One of my homework questions asks to write an inverse function of y=5x+2, and it got me thinking about the exact meaning behind the term. I'm confused because the answer came out to be y=1/5(x-2), but no matter what definition I employ it just doesn't add up for me. On one hand, the inverse of 2 would be -2 because 2+(-2)=0, but on the other 5^-1=1/5 and 1/5*5=1. Why does it work that way? Why is one way of taking the inverse appropriate for half the equation and another for the other half?
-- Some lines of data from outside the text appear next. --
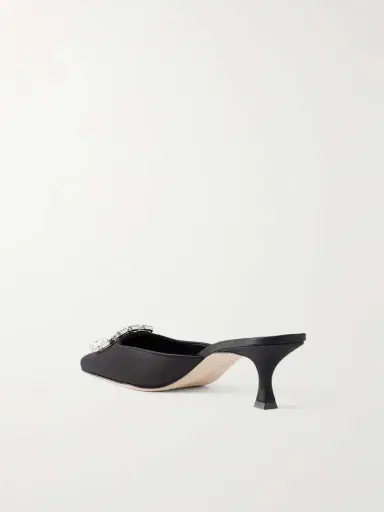 Manolo Blahnik Mayjou 50 Crystal-embellished Satin Mules | Thumbnail 3 Manolo Blahnik Mayjou 50 Crystal-embellished Satin Mules | Thumbnail 3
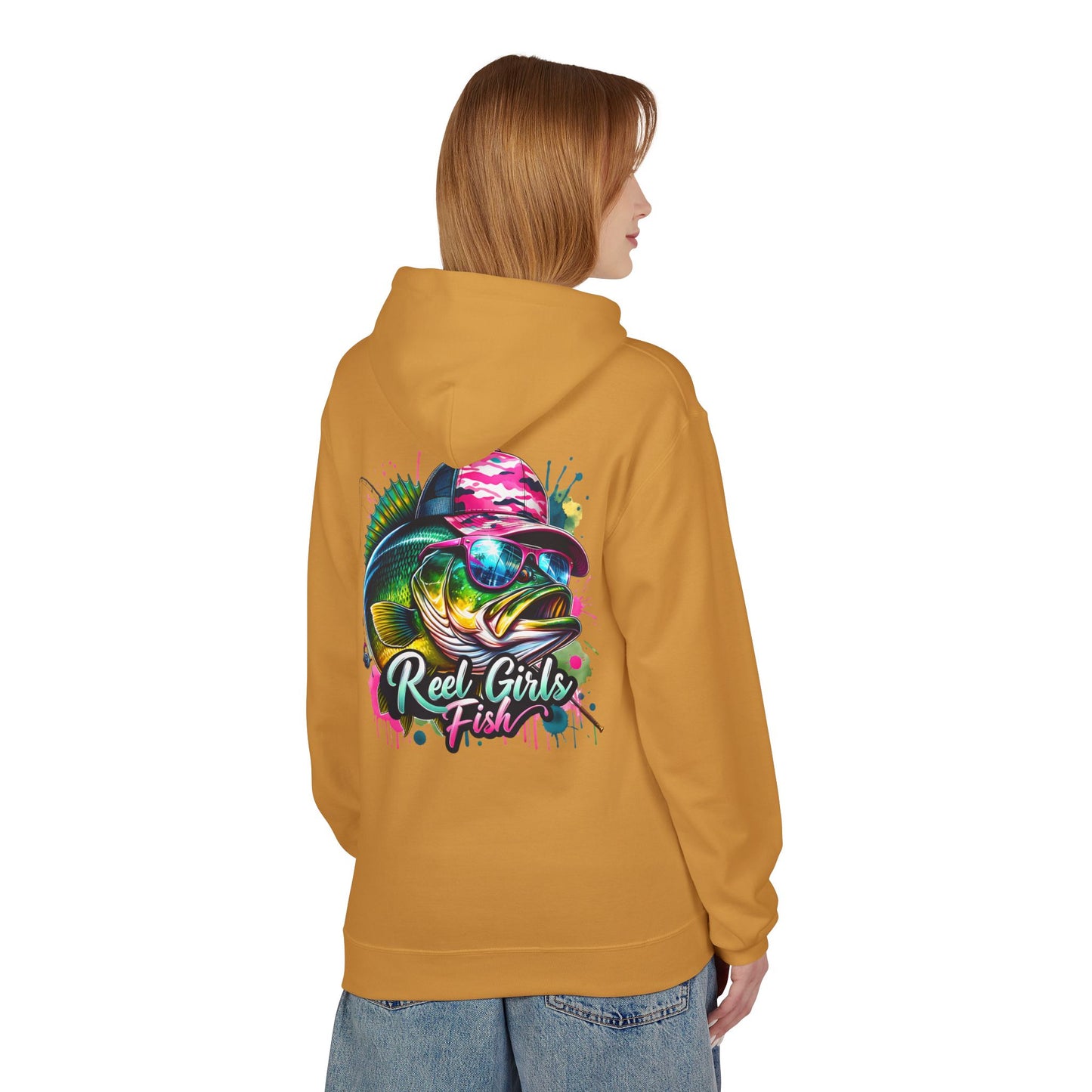 "Reel Girls Fish" Hoodie - Midweight Fleece for Fishing Enthusiasts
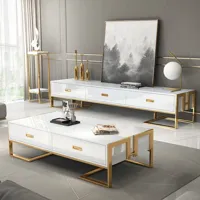 meubler design ensemble meuble télé et table basse luxuria base or
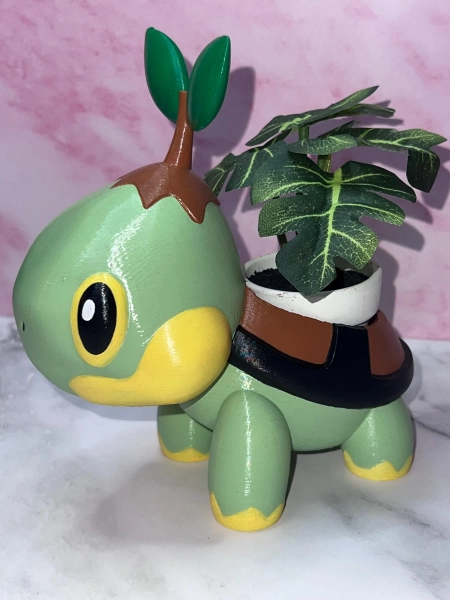 Turtwig Pokemon Flower Succulent Pot Planter 3D Printed Hand Painted WYSIWYG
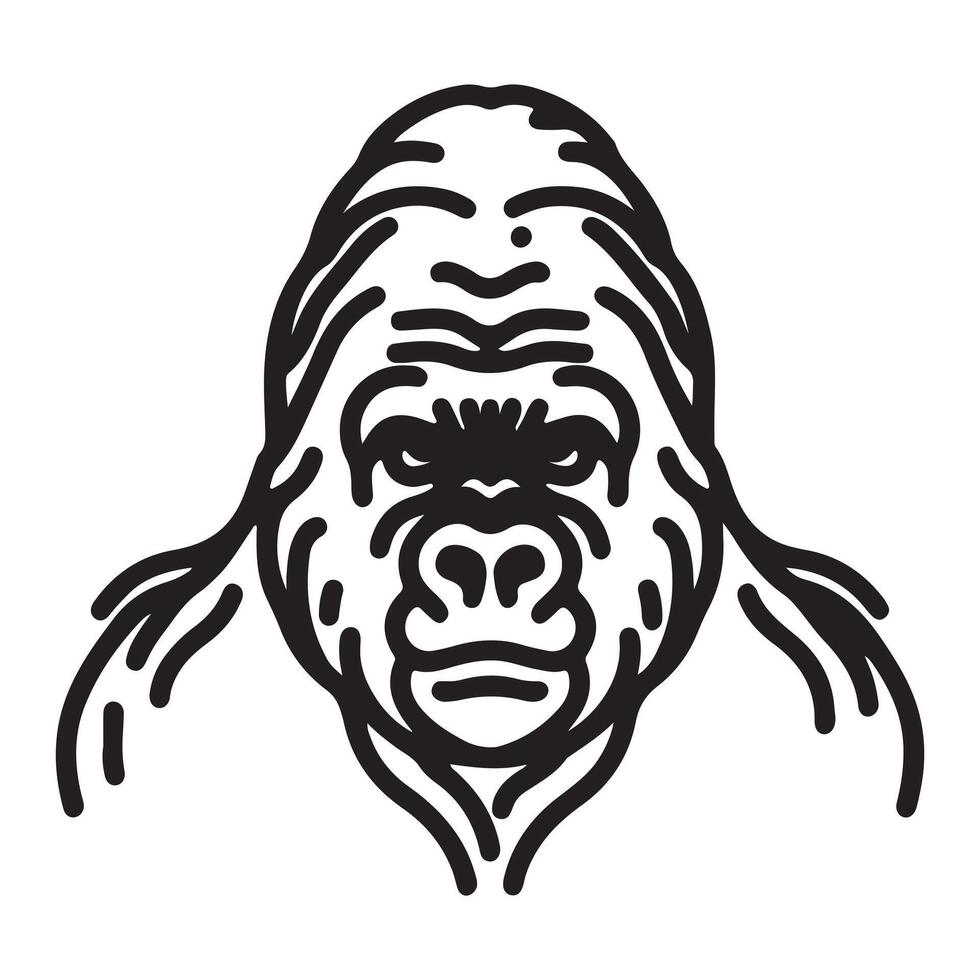 a single outline black gorila sillhouette vector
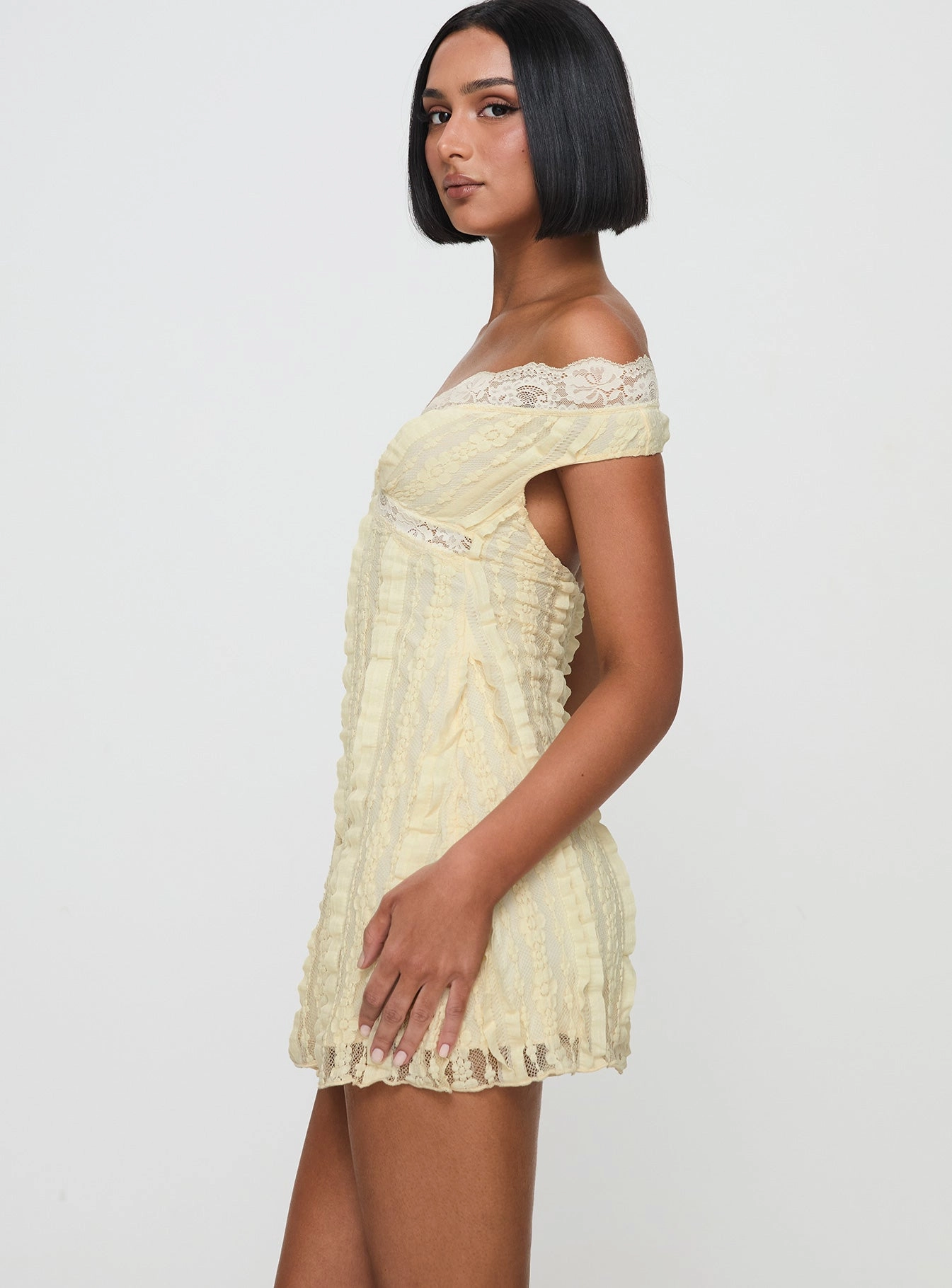 Bonnin Off The Shoulder Lace Mini Dress Yellow Chilly Weather Comfort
The word "inverse" is used to describe several different ways in which something can be "undone".
The
additive inverse of 2 is -2, which undoes addition of 2. The
multiplicative inverse of 5 is 1/5, which undoes multiplication by 5. The question is about the inverse
function, which we write as [imath]f^{-1}[/imath] by
analogy with the multiplicative inverse, but which is not the same thing.
Did you carefully read the definition of an inverse function? A function [imath]g[/imath] is the inverse of a function [imath]f[/imath] if [imath]f(g(x))=x[/imath] for all x, and [imath]g(f(x))=x[/imath]. That is, each function undoes the other when you combine them with
composition. (So we could call [imath]g[/imath] the "compositive inverse" of [imath]f[/imath], I suppose, though I've never said that in my life!)
Now, it happens that the inverse of your function
undoes both a multiplication and an addition, so it involves an
additive inverse and a
multiplicative inverse. That, I think, is what you are seeing.
By the way, this is just what you are doing when you solve an equation like [imath]5x + 2 = 17[/imath]. You first undo the addition, by subtracting, and then undo the multiplication, by dividing. That's exactly what the inverse function does. So it really does all fit together.